Data items:
:::
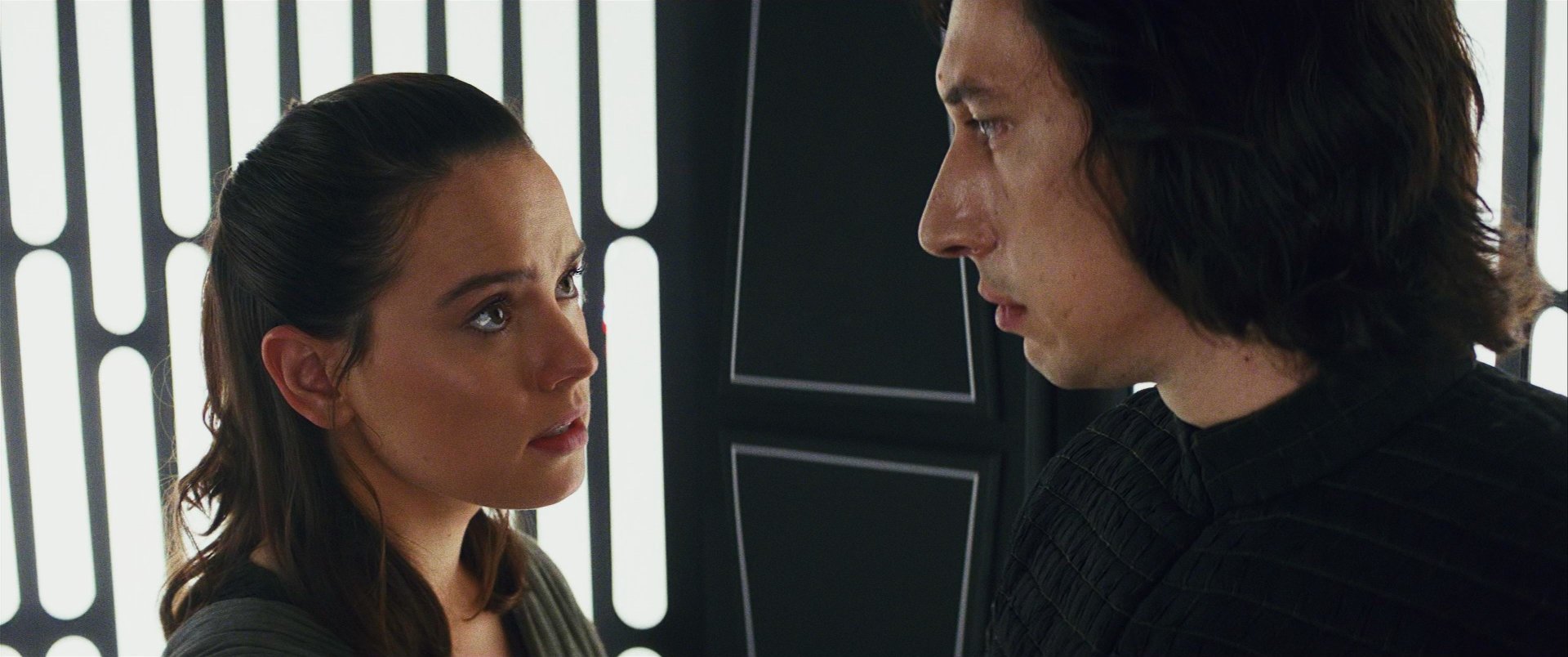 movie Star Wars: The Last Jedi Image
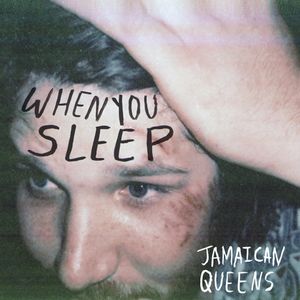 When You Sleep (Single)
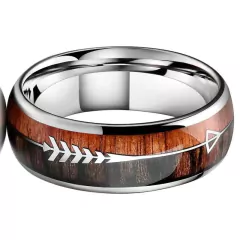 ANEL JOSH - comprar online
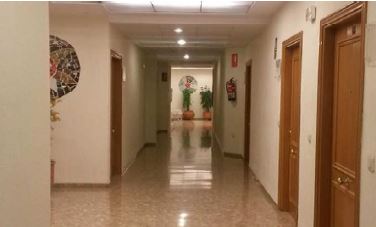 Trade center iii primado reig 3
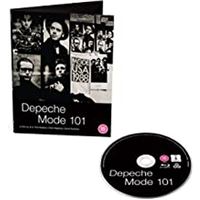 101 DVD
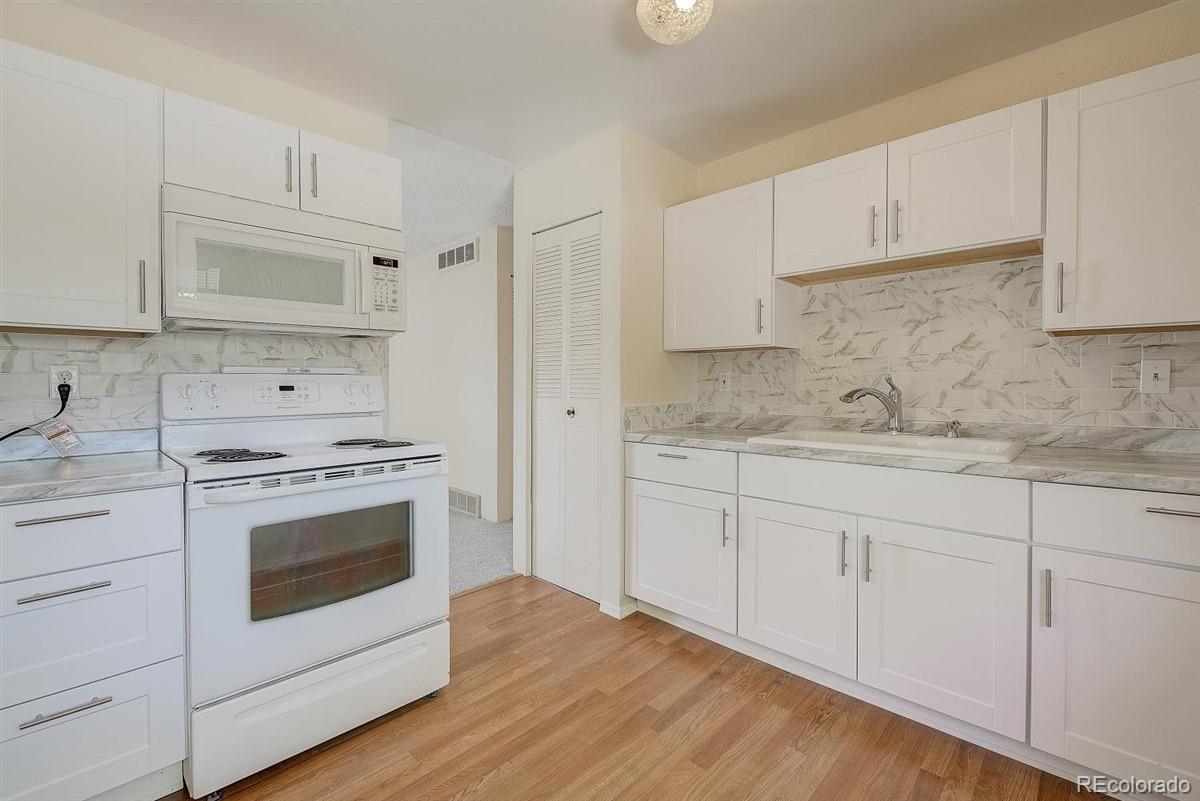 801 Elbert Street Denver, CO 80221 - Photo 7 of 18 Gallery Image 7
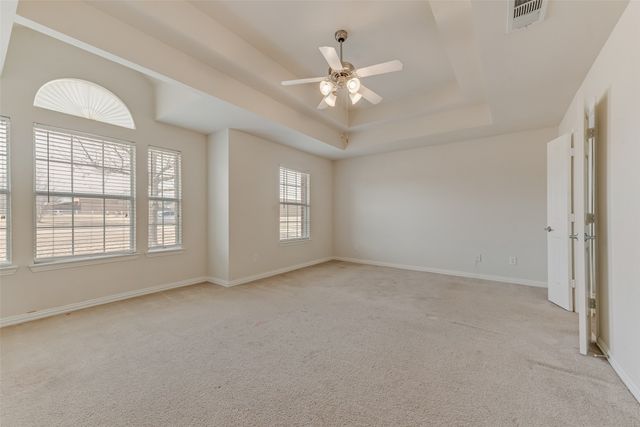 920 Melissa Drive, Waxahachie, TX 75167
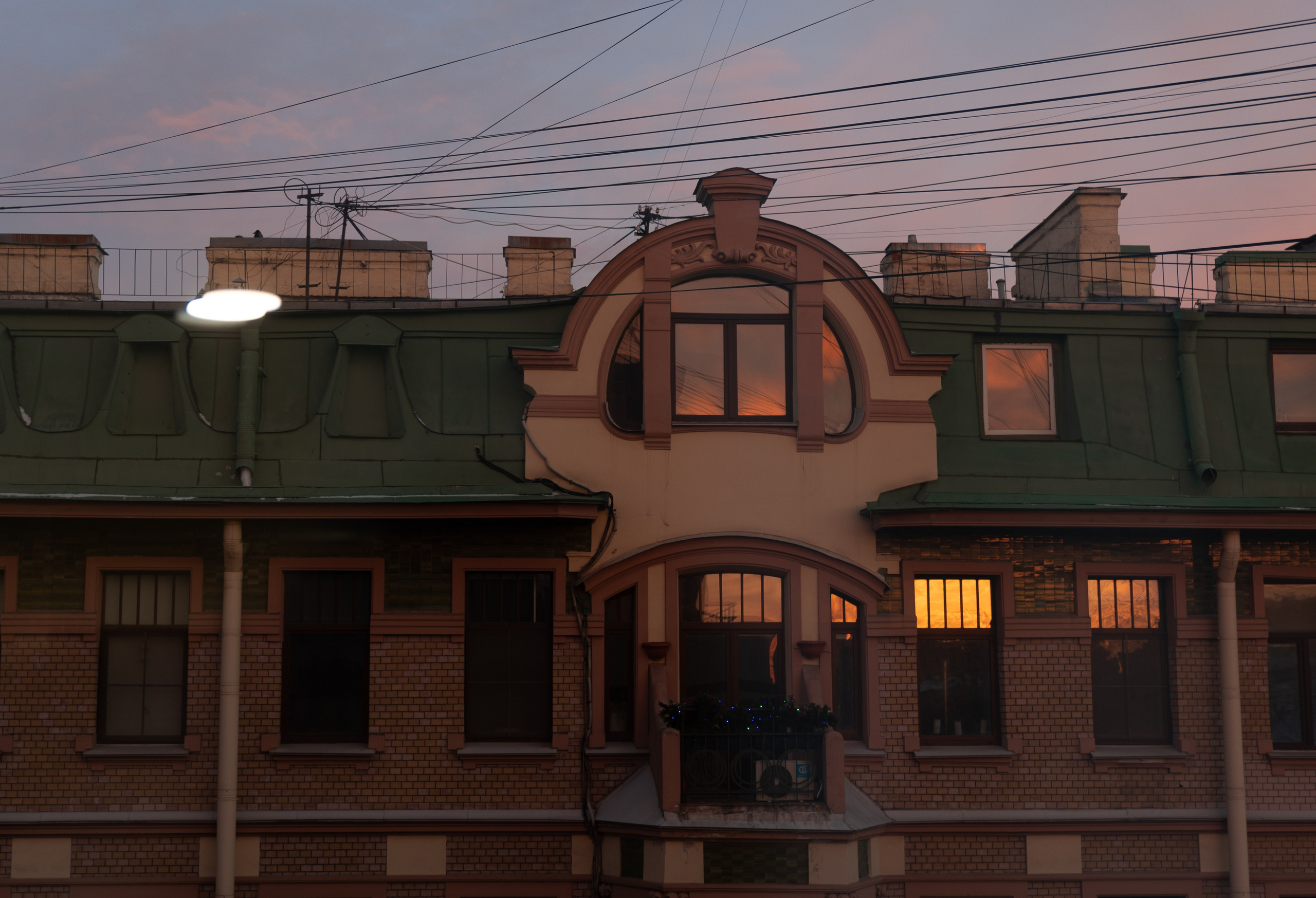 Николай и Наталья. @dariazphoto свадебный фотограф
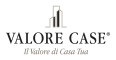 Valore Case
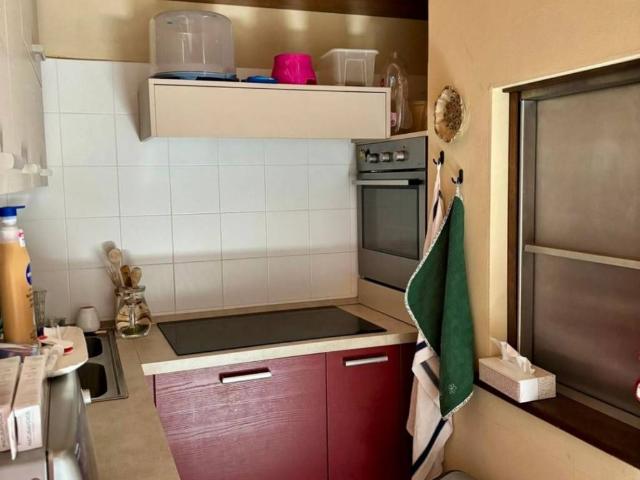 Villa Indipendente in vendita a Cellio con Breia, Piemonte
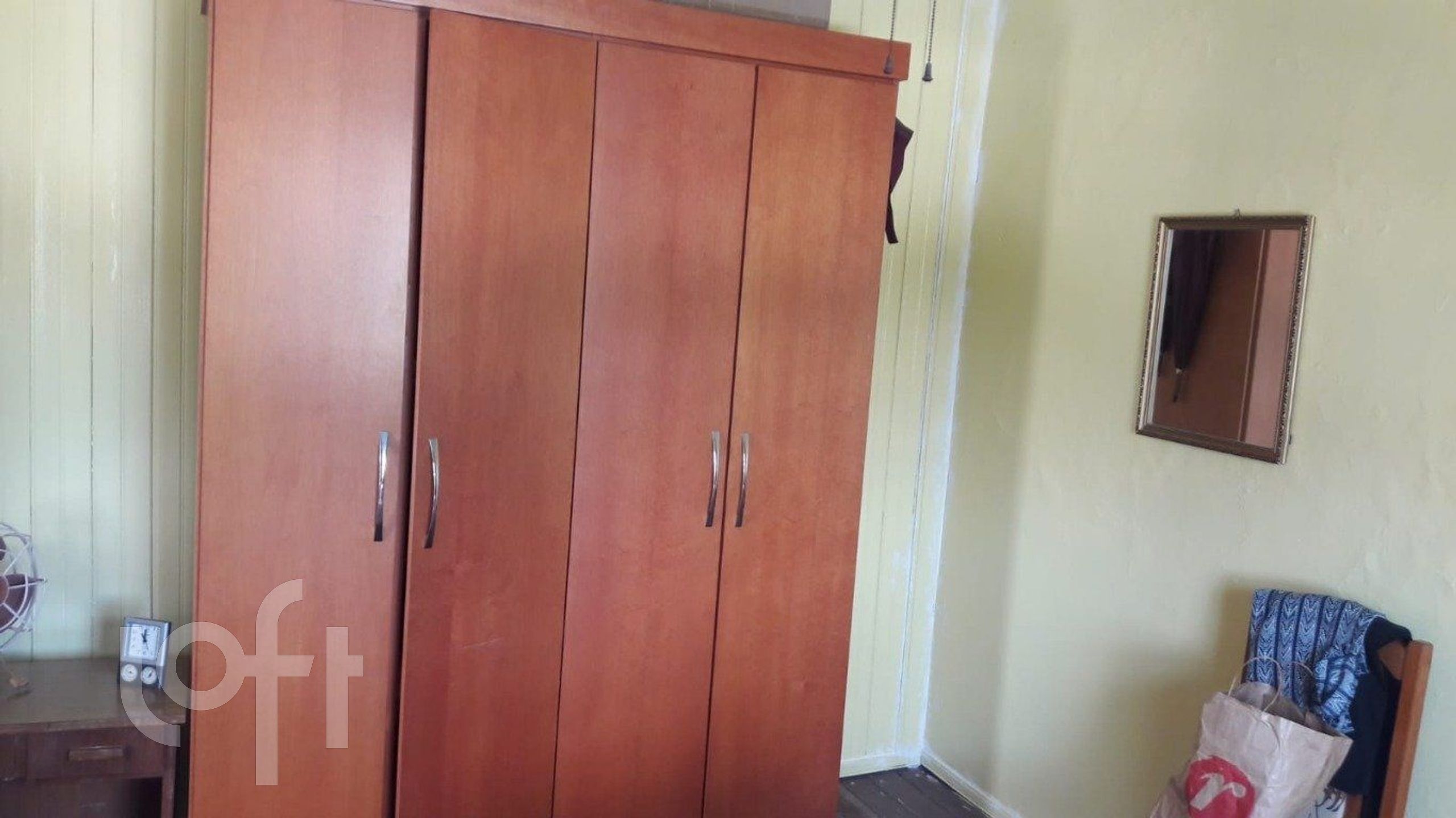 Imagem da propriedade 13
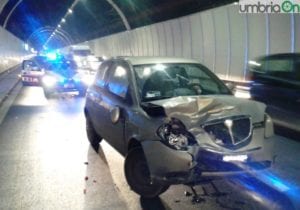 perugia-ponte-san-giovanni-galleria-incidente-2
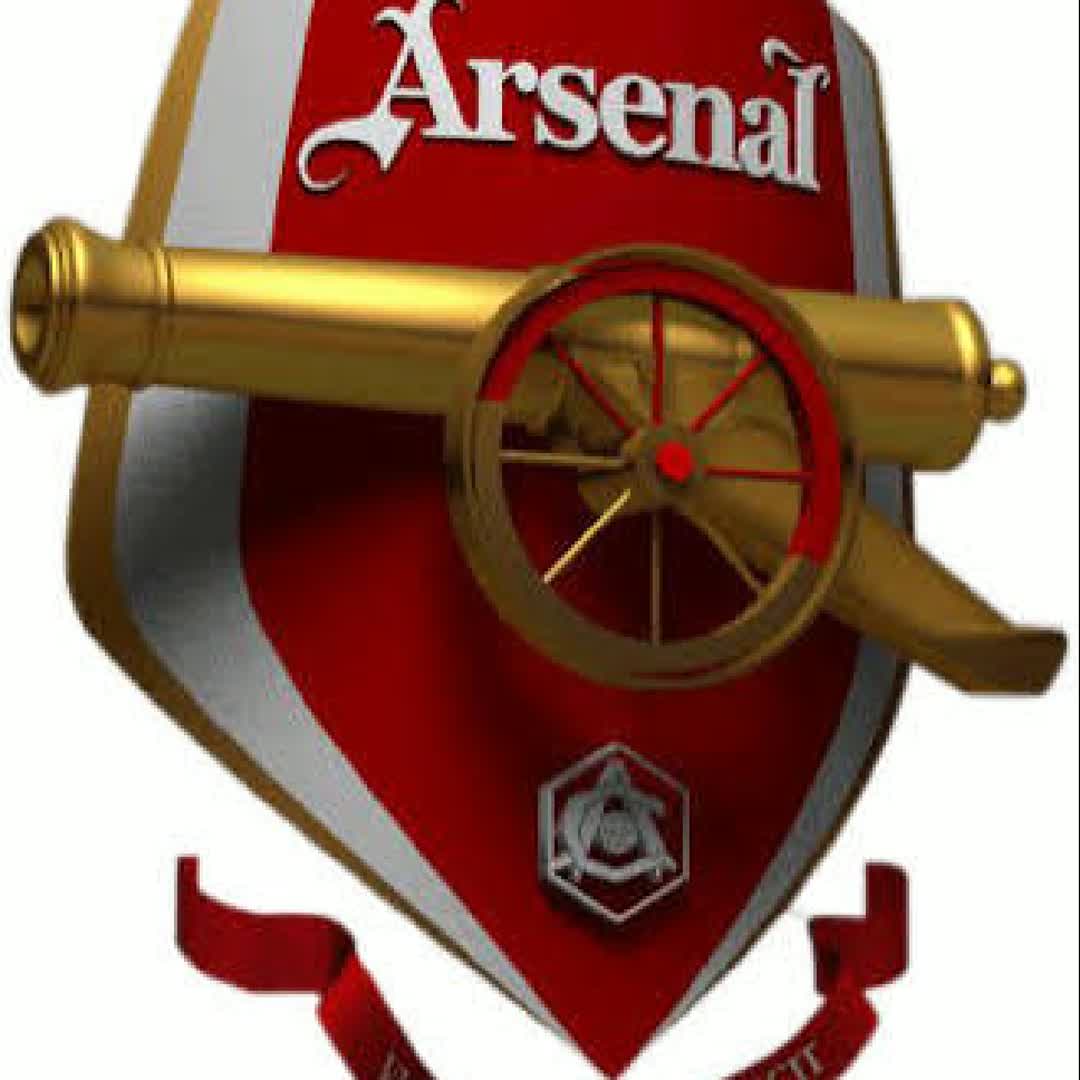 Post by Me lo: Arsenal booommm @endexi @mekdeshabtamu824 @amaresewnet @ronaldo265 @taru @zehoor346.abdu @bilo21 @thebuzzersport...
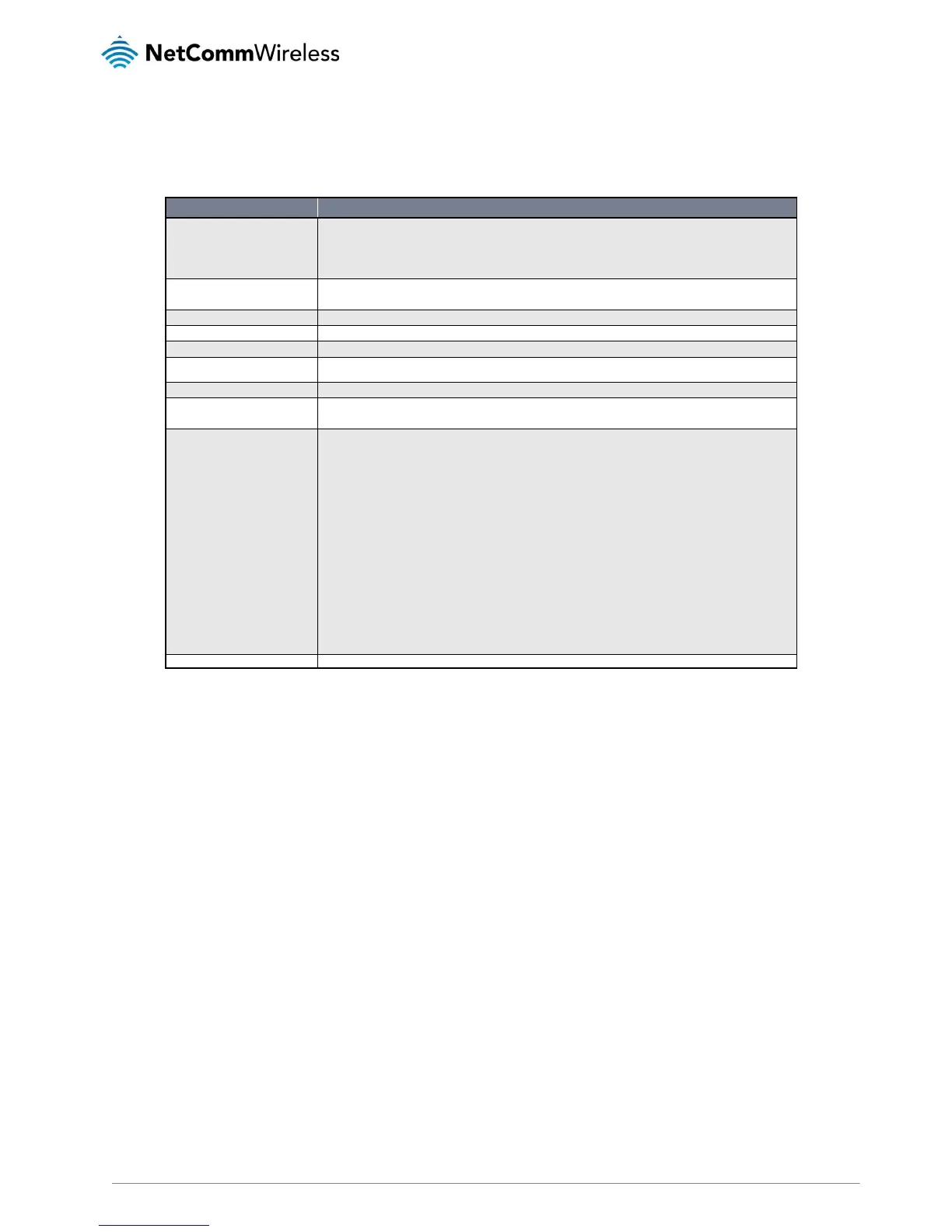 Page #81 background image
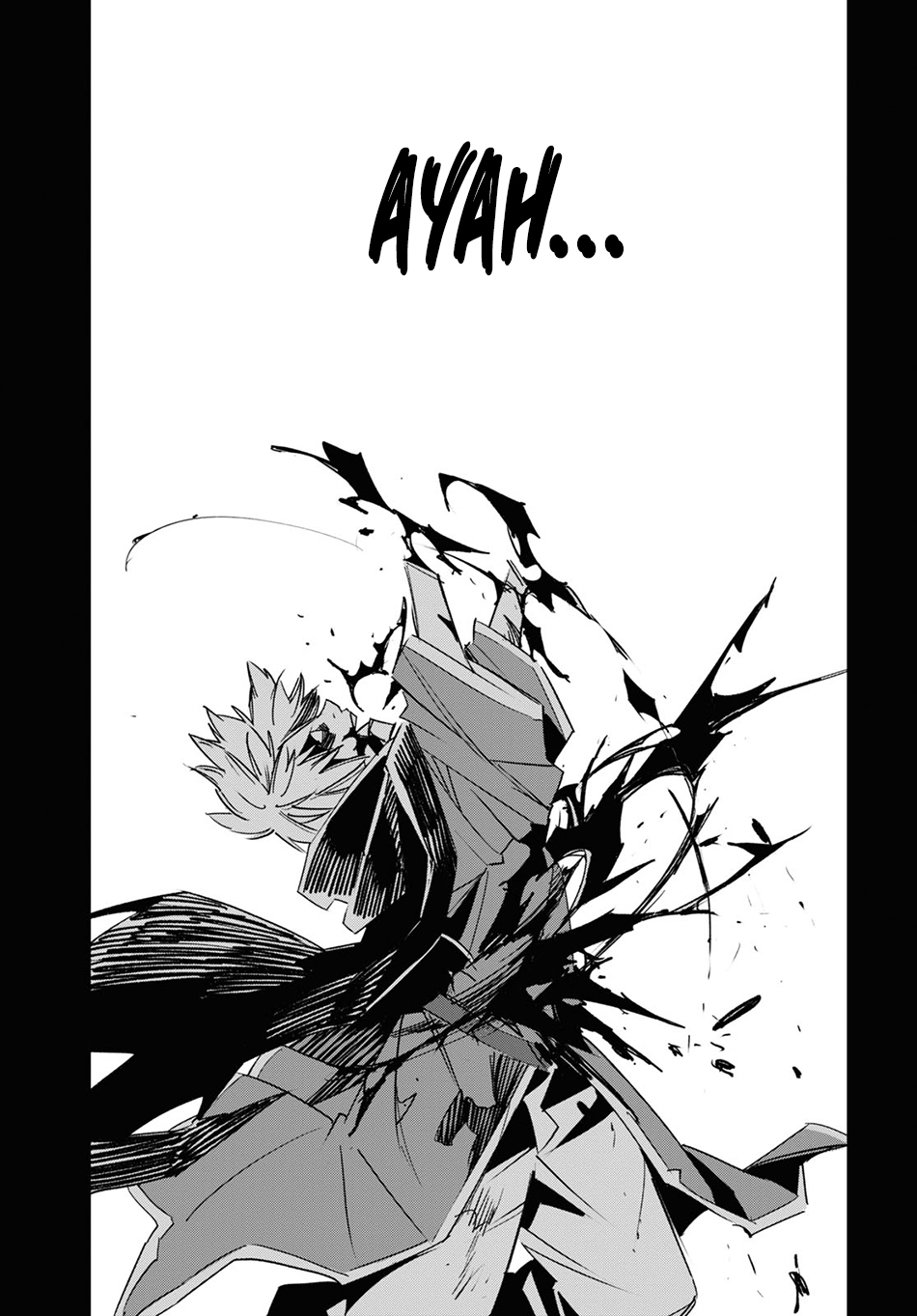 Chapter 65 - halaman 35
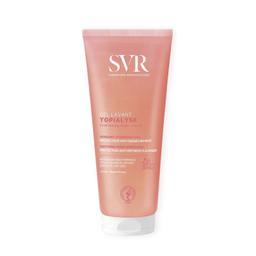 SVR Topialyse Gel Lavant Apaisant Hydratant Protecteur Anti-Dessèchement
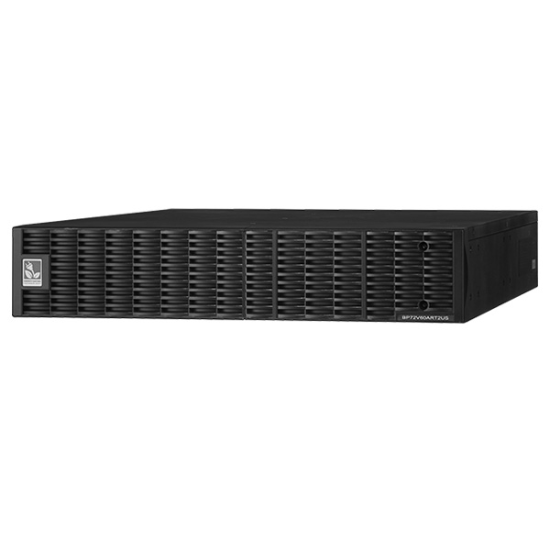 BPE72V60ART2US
:::
__What is expected__: Repeat word for word, leaving out the pictures, each line of the records from the line that holds "SVR Topialyse Gel" through the final one.

__Task output__:
 SVR Topialyse Gel Lavant Apaisant Hydratant Protecteur Anti-Dessèchement
 BPE72V60ART2US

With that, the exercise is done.